• **Work item**
Starting from the line containing "Ingegneria Gestionale: lezioni", give again every line through the end of the entries, word for word. Pictures stay out of the copy.

• **Material for this task**

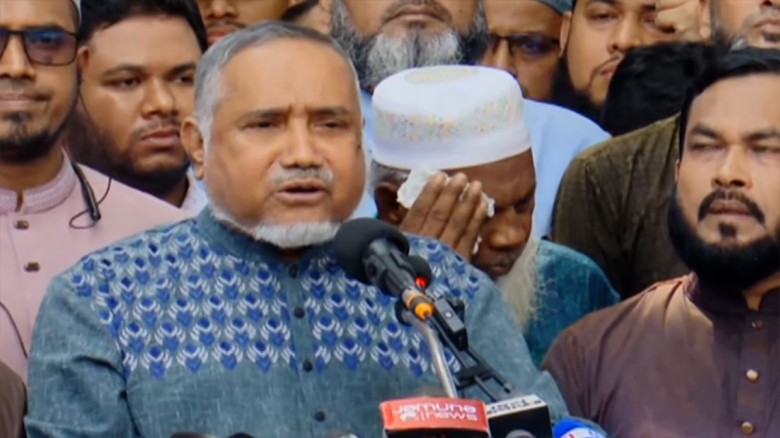 জামায়াতে ইসলামী’র নায়েবে আমীর ডা. সৈয়দ আব্দুল্লাহ মোহাম্মদ তাহের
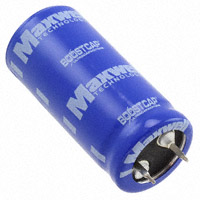 Maxwell Technologies Inc. - BCAP0100 P270 T07 - CAP 100F 2.7V THROUGH HOLE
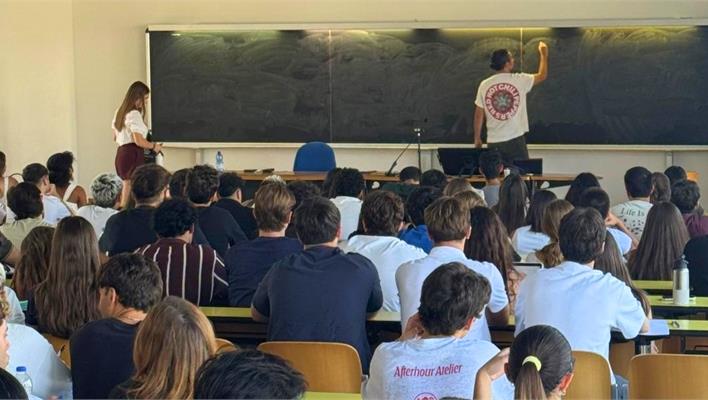 Ingegneria Gestionale: lezioni del primo anno presso l'Aula Magna di Via Ostiense 234 dal 19 al 29 ottobre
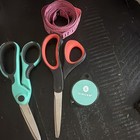 Singer Sewing Scissors 8 In Stainless Steel Blade Bent Handle Rh Straight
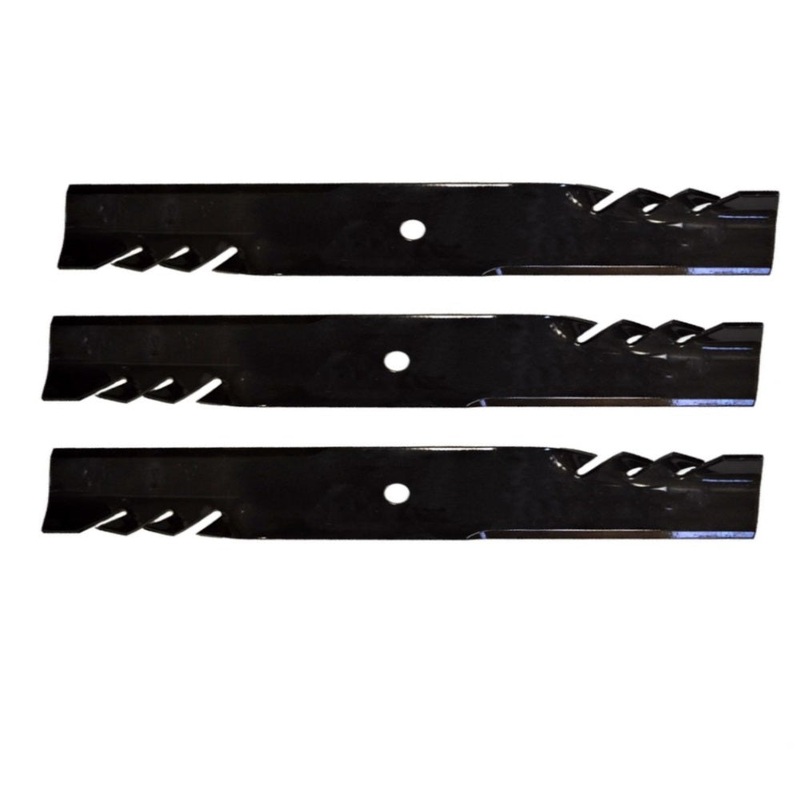 3PK Blade Mulching Lawn Mower Blades for 344 Fits Ferris 52" 5101756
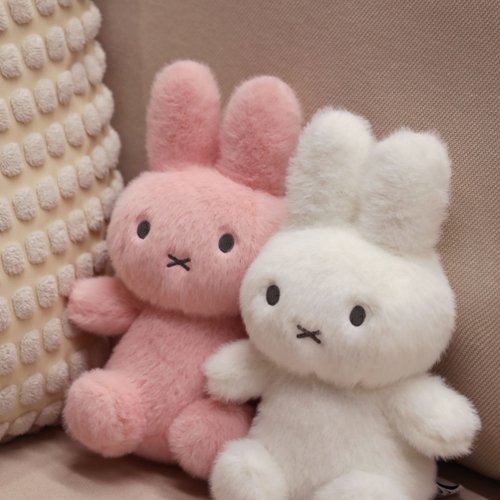 VIPO Gift Store miffy 25cm 長毛絨公仔 2個套裝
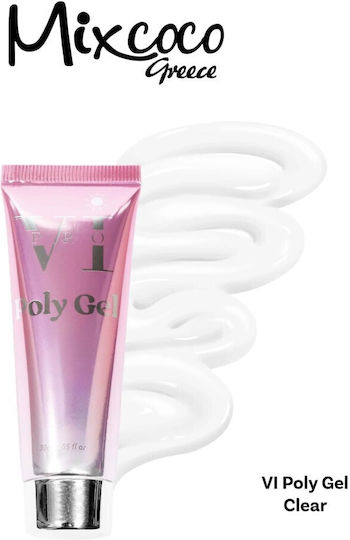Beauty VI False Nail Gel Clear 30ml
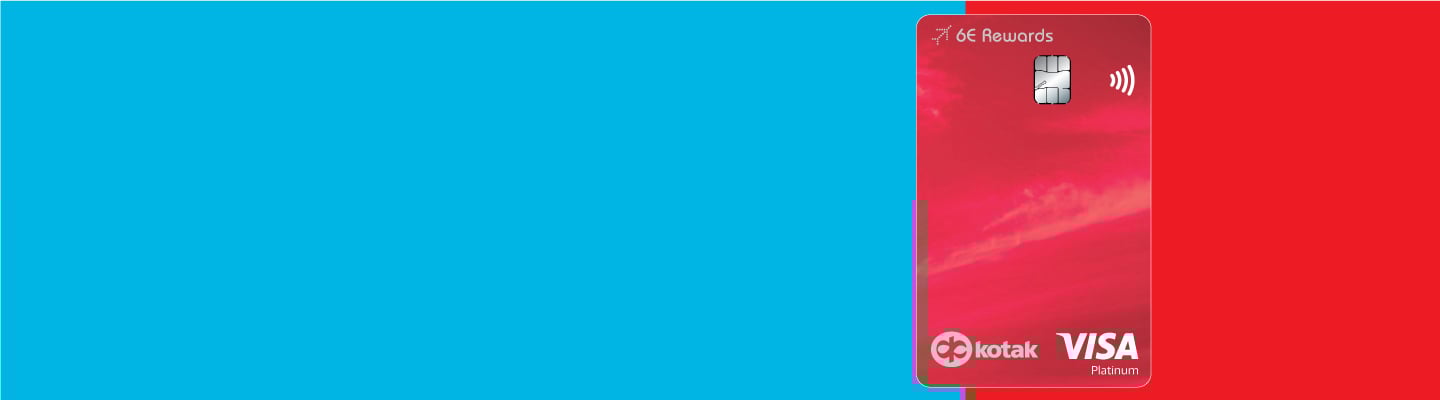 Kotak IndiGo Ka-ching 6E Rewards Credit Card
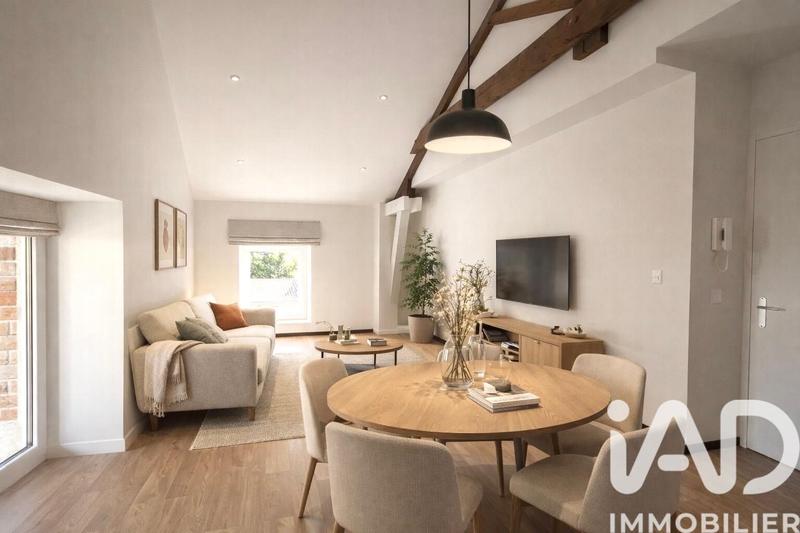 Appartement - 36 m² - 2 pièces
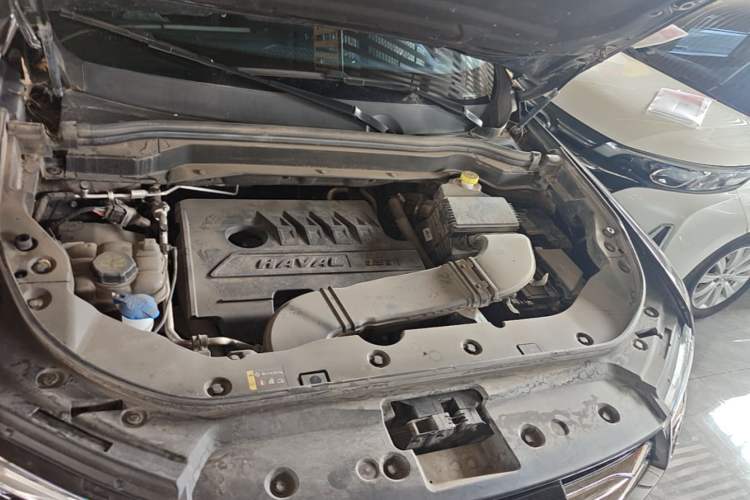 Used Haval H6 2021 National Trend Edition 1.5T Automatic Urban Version Engine Bay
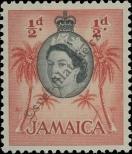 Stamp Jamaica Catalog number: 161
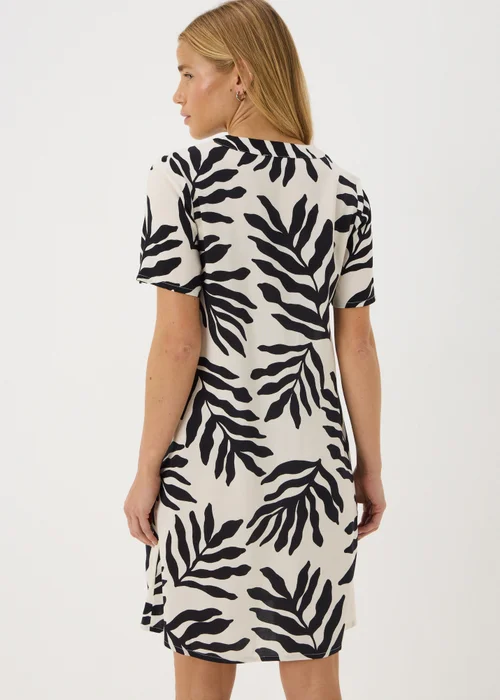 White Leaf Popover Tunic - 8 Image 2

• **Result for this exercise**
 Ingegneria Gestionale: lezioni del primo anno presso l'Aula Magna di Via Ostiense 234 dal 19 al 29 ottobre
 Singer Sewing Scissors 8 In Stainless Steel Blade Bent Handle Rh Straight
 3PK Blade Mulching Lawn Mower Blades for 344 Fits Ferris 52" 5101756
 VIPO Gift Store miffy 25cm 長毛絨公仔 2個套裝
Beauty VI False Nail Gel Clear 30ml
 Kotak IndiGo Ka-ching 6E Rewards Credit Card
 Appartement - 36 m² - 2 pièces
 Used Haval H6 2021 National Trend Edition 1.5T Automatic Urban Version Engine Bay
 Stamp Jamaica Catalog number: 161
 White Leaf Popover Tunic - 8 Image 2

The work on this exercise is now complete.